Given material =>
▬▬▬

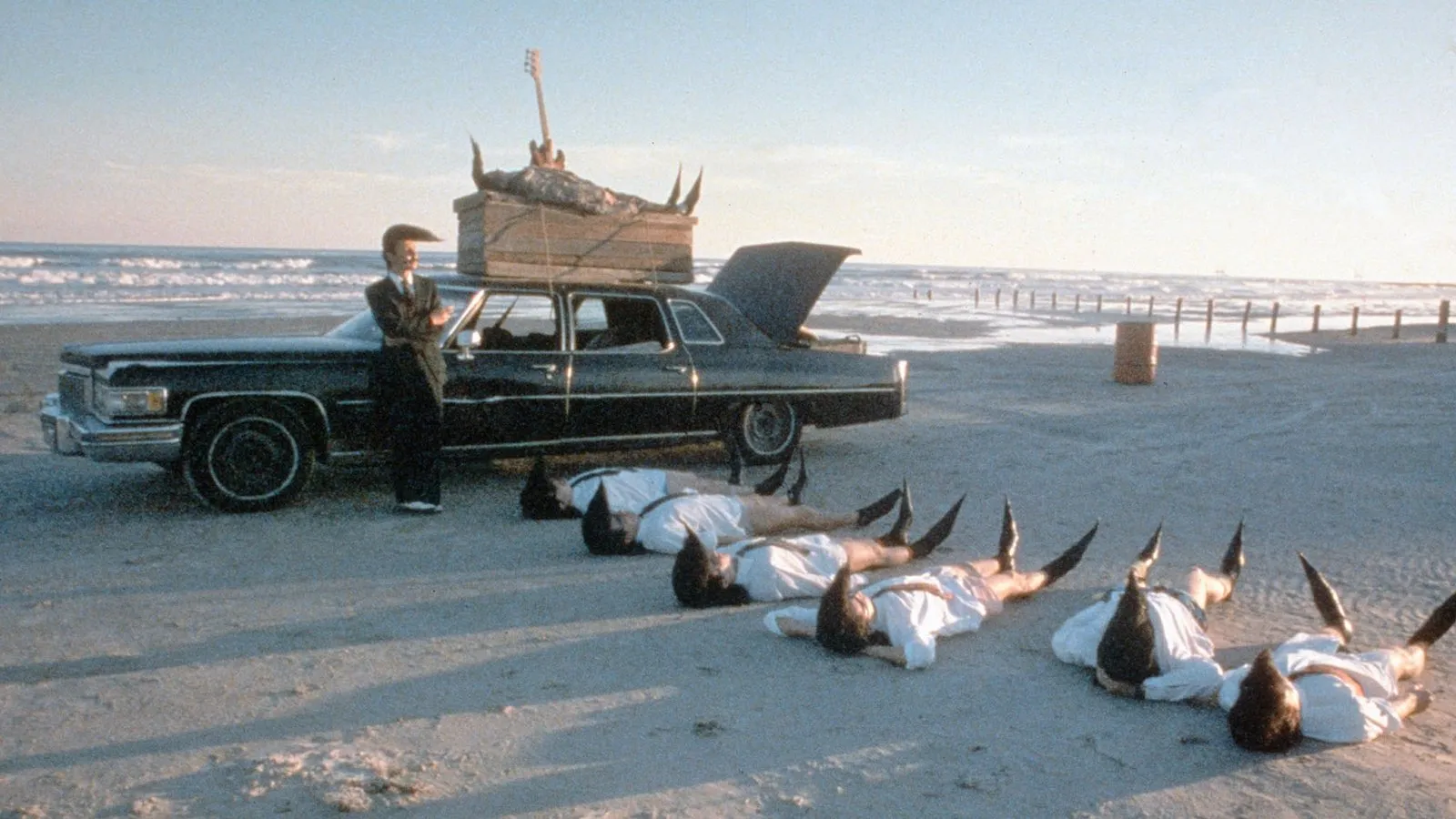 Leningrad Cowboys go America streaming ita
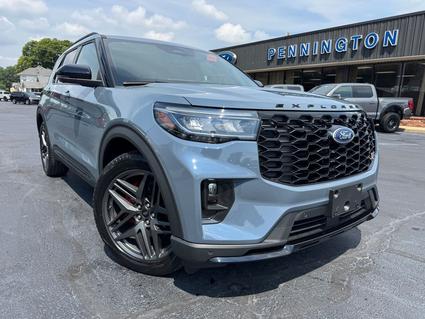 2025 Ford Explorer Centralia IL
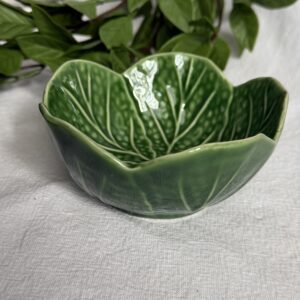 Cabbage Leaf Bowl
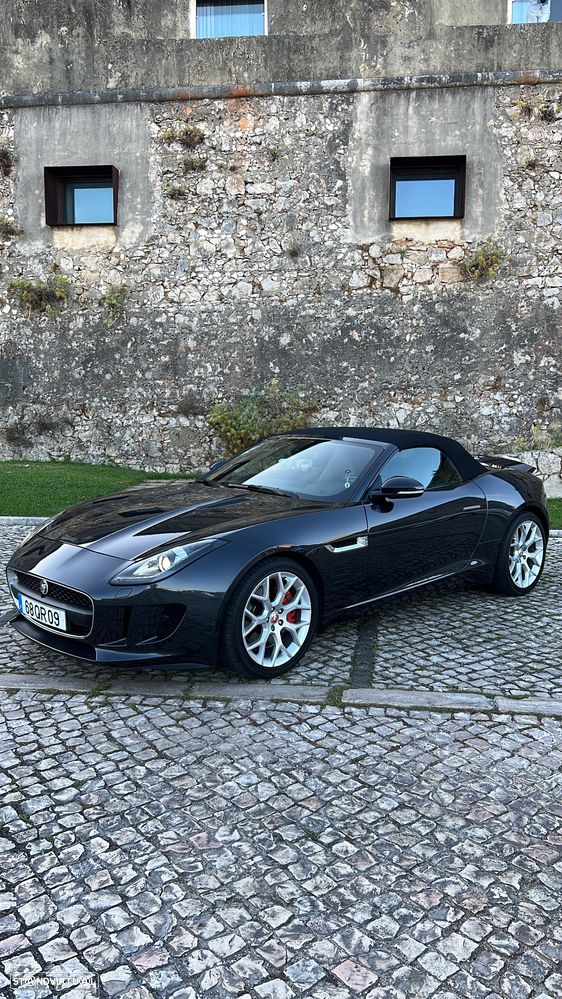 Jaguar F-Type 3.0 V6 S/C Auto - 13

▬▬▬

Work order =>
Your task is to reproduce exactly the lines from the one that holds "2025 Ford Explorer Centralia IL" to the last line of the listing, and only those, omitting the pictures.

Result of this exercise =>
 2025 Ford Explorer Centralia IL
 Cabbage Leaf Bowl
 Jaguar F-Type 3.0 V6 S/C Auto - 13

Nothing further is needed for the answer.